I have some questions about mangling, specifically about function type mangling.
Looking at Mangling.rst, I noticed that function types are mangled with one "kind" modifier:
// From Mangling.rst:
type ::= function-signature 'c' // function type (escaping)
type ::= function-signature 'X' FUNCTION-KIND // special function type
FUNCTION-KIND ::= 'f' // @thin function type
FUNCTION-KIND ::= 'U' // uncurried function type (currently not used)
FUNCTION-KIND ::= 'K' // @auto_closure function type (noescape)

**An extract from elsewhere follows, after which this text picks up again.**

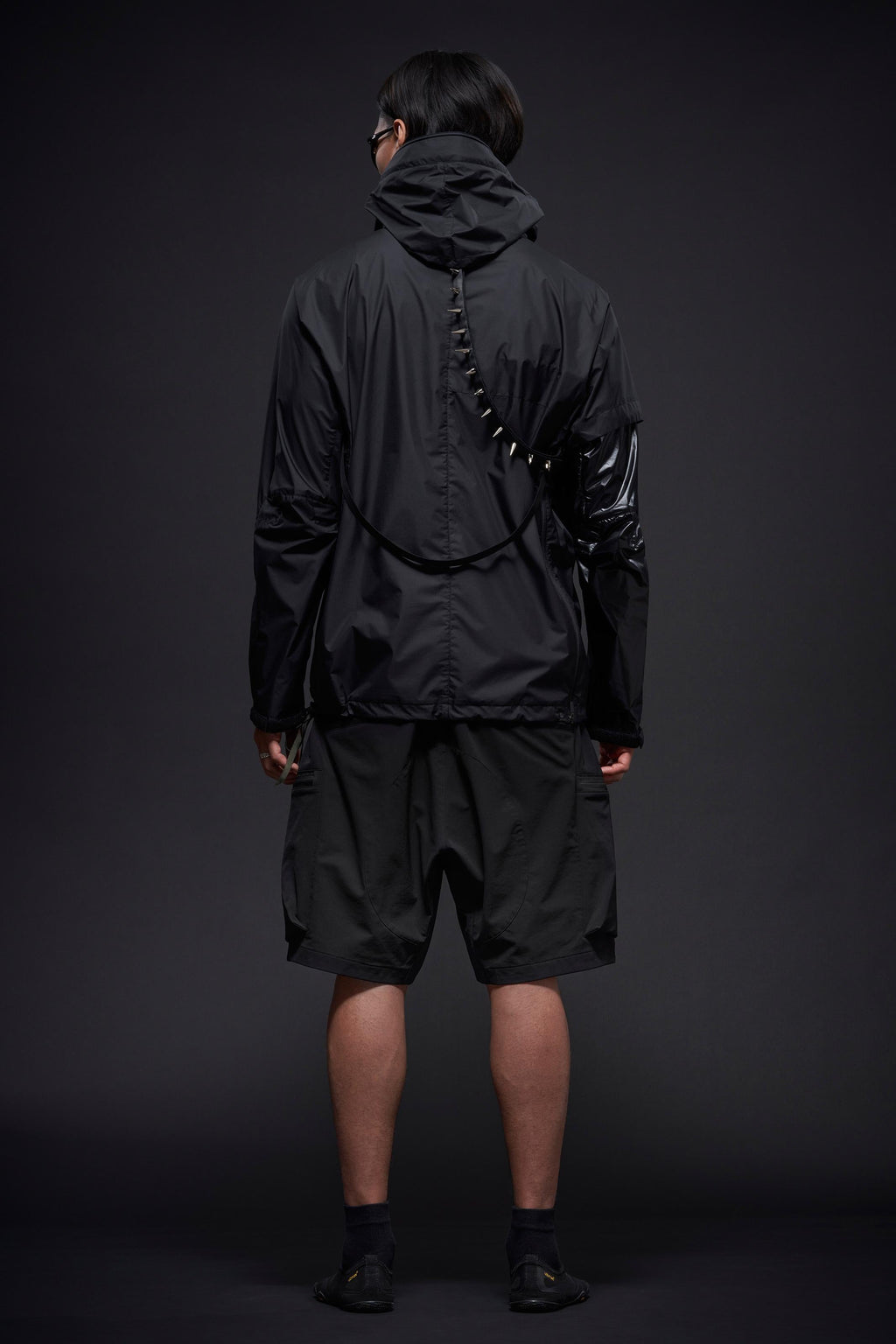 J36-WS Windstopper® Interops Jacket - Black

FUNCTION-KIND ::= 'B' // objc block function type
FUNCTION-KIND ::= 'L' // objc block function type (escaping) (DWARF only; otherwise use 'B')

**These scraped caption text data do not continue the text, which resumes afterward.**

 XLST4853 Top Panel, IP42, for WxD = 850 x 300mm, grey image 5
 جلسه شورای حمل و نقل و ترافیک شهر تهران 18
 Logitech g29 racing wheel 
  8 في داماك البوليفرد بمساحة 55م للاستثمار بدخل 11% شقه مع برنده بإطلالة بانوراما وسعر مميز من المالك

FUNCTION-KIND ::= 'C' // C function pointer type
FUNCTION-KIND ::= 'A' // @auto_closure function type (escaping)
FUNCTION-KIND ::= 'E' // function type (noescape)
However, in practice, function types can have many modifiers. Some information about modifiers may be lost during mangling.

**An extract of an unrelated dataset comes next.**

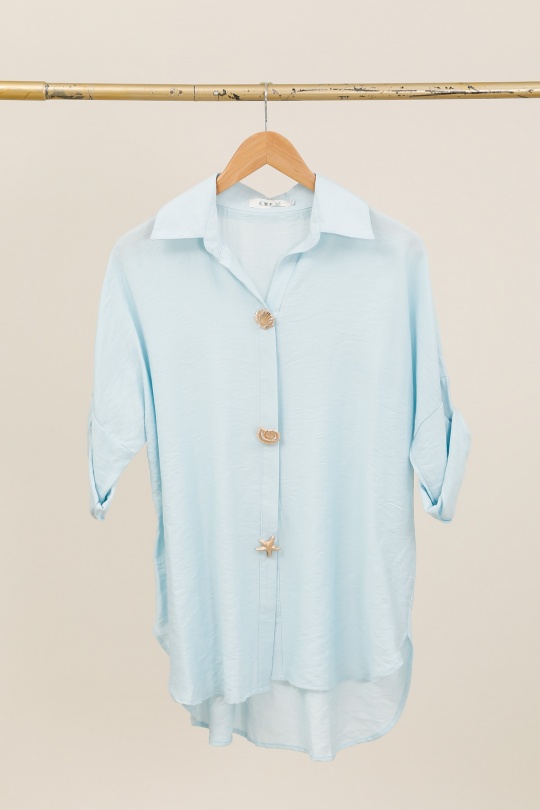 Camicie Donna Sky CMP55 / DIX-ONZE GY3605 Efashion Paris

// The type of `f` has multiple modifiers.
func foo(_ f: @convention(c) @autoclosure () -> Void) -> Void {}
$ swift-demangle s6mangle3fooyyyyXCF
$s6mangle3fooyyyyXCF ---> mangle.foo(@convention(c) () -> ()) -> ()
// Lost information about `@noescape` and `@autoclosure`.
Questions:
What is the significance of type mangling? Is it used by tools like LLDB to show the types of variables when debugging?
Is it desirable/important to accurately mangle all modifiers for a function type? Mangling semantically-impactful modifiers seems more important than less impactful modifiers (e.g. @convention(c) may be heavier than @noescape).
Context: I started a patch to implement type mangling for @differentiable functions, and noticed that the current mangling scheme leads to an explosion of function type modifier combinations.
A more flexible scheme could encode multiple modifiers. Sketch:
// Old: modifier is coupled with function type.
// Some modifier information is lost.
kind=ThinFunctionType
kind=ArgumentTuple
kind=Type
kind=Structure
kind=Module, text="Swift"
kind=Identifier, text="Float"
kind=ReturnType
kind=Type
kind=Structure
kind=Module, text="Swift"
kind=Identifier, text="Float"
// New: modifiers are in a separate list.
// Modifier list can be run-length encoded, possibly in a
// backwards-compatible way.
kind=FunctionType
kind=FunctionTypeModifiers
kind=ThinFunction
kind=EscapingFunction
kind=DifferentiableFunction
kind=ArgumentTuple
kind=Type
kind=Structure
kind=Module, text="Swift"
kind=Identifier, text="Float"
kind=ReturnType
kind=Type
kind=Structure
kind=Module, text="Swift"
kind=Identifier, text="Float"
But I'm not sure about the use cases for mangling. If mangling modifiers isn't important, then I suppose there's no need for a more flexible scheme.
I'm not an expert, but there are a few things to remember.
Mangling must uniquely distinguish overloadable declarations in any ways they can be overloadable, since it's used for symbol names, indexing, and compact references to entities at runtime.
Mangling of existing decls must be stable across changes to other decls (library evolution) and changes to the compiler (ABI stability) when compiling with -enable-library-evolution. (Therefore you can't say "oh, this has no overloads, so I'm going to give it a simpler mangling. This comes up sometimes.)
Mangling is used by LLDB to describe types, but I forget how. :-/
Mangling is used to disambiguate overloads, to construct runtime metadata and to show types in lldb as you suggest.
Since @convention(c) functions do not have a context, escaping/noescape has no significance in the type system. However, not being able to express @convention(c) @autoclosure is a bug, albeit one that has no practical consequences. Perhaps we should not allow @convention(foo) @autoclosure at all. Do you mind filing a bug so that we can revisit this some day?
Thanks for the swift replies! The purpose of mangling makes sense.
Some concrete follow-up questions:
Is it worth pursuing a more flexible scheme for mangling a list of function type modifiers? And is it possible to do so in a backwards-compatible way? Please see my post above.
Regarding @differentiable functions: which @differentiable + @xxx modifier combinations would you recommend mangling in the current scheme?